Nunca veo la película de un libro que quiero leer. Inclusive si eso significa perder la oportunidad de verla en pantalla gigante, sonido estéreo dolby digital (TM). Si alguien me obliga a romper esa regla, dejo que pase mucho tiempo (durante el cual no repito la ofensa) antes de entrarle al libro.
Durante seis años rodé mi copia de Fight Club, hasta que hace un par de semanas decidí que uno puede ser ignorante por vocación, pero no tanto. Era hora de comprobar si el libro era mucho mejor que la película.
Como lector, da lástima.
Da lástima que la película sea tan buena. Fincher, o quien haya sido el que tuvo la visión para realizar una traducción tan fiel y de paso construir sobre ella, merece una nueva oleada de respeto (la misma que uno podría darle a Kubrick por La Naranja Mecánica y a Cronenberg por Crash). Lástima también que durante los últimos diez años una buena parte de la contracultura se haya apropiado del discurso de Palahniuk y Bret Easton Ellis. Muchos de los argumentos, aunque sean deliciosas construcciones semánticas, suenan repetidos.

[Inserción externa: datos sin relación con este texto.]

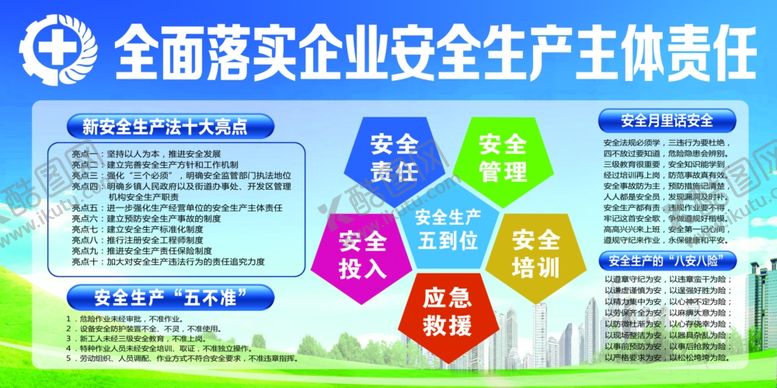 编号：82686007060202368536【酷图网】源文件下载-安全生产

(y los teóricos de la conspiración podrían acompañarme en la presunción de que la masificación de los voceros del descontento opera en contra del mensaje fundamental y por lo tanto, no es casual)

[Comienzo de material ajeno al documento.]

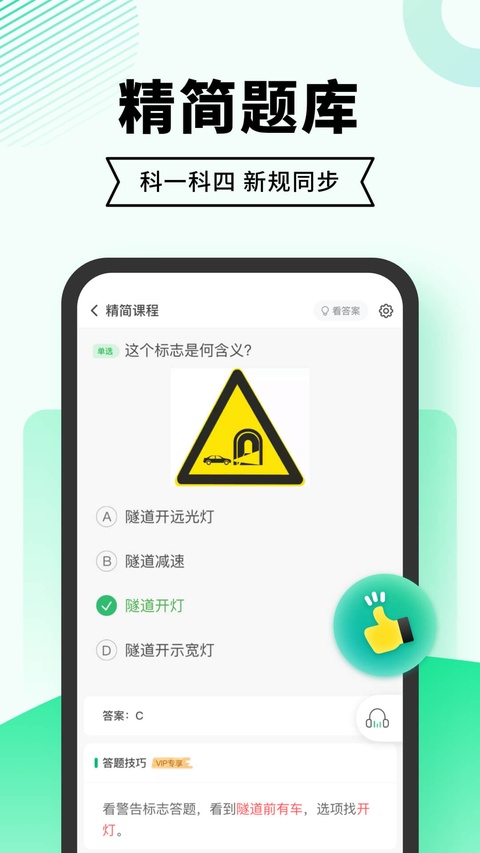 驾考部落极速版(原驾考一点通)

Da lástima también, por supuesto, esa absoluta seguridad de que jamás escribiré algo como esta novela… ni siquiera una síntesis como esta frase:
After a night in fight club, everything in the real world gets the volume turned down. Nothing can piss you off. Your word is law, and if other people break that law or question you, even that doesn’t piss you off.
Al igual que cuando vi la película, perdí la cuenta de los momentos en los que sentí que el narrador me estaba hablando únicamente a mí.
Busqué sin éxito un link al capítulo 6, que es el cuento a partir del cual nació la novela. Todavía estoy tratando de imaginarme en qué emisora tienes que estar sintonizado para digerir esa historia en 1996.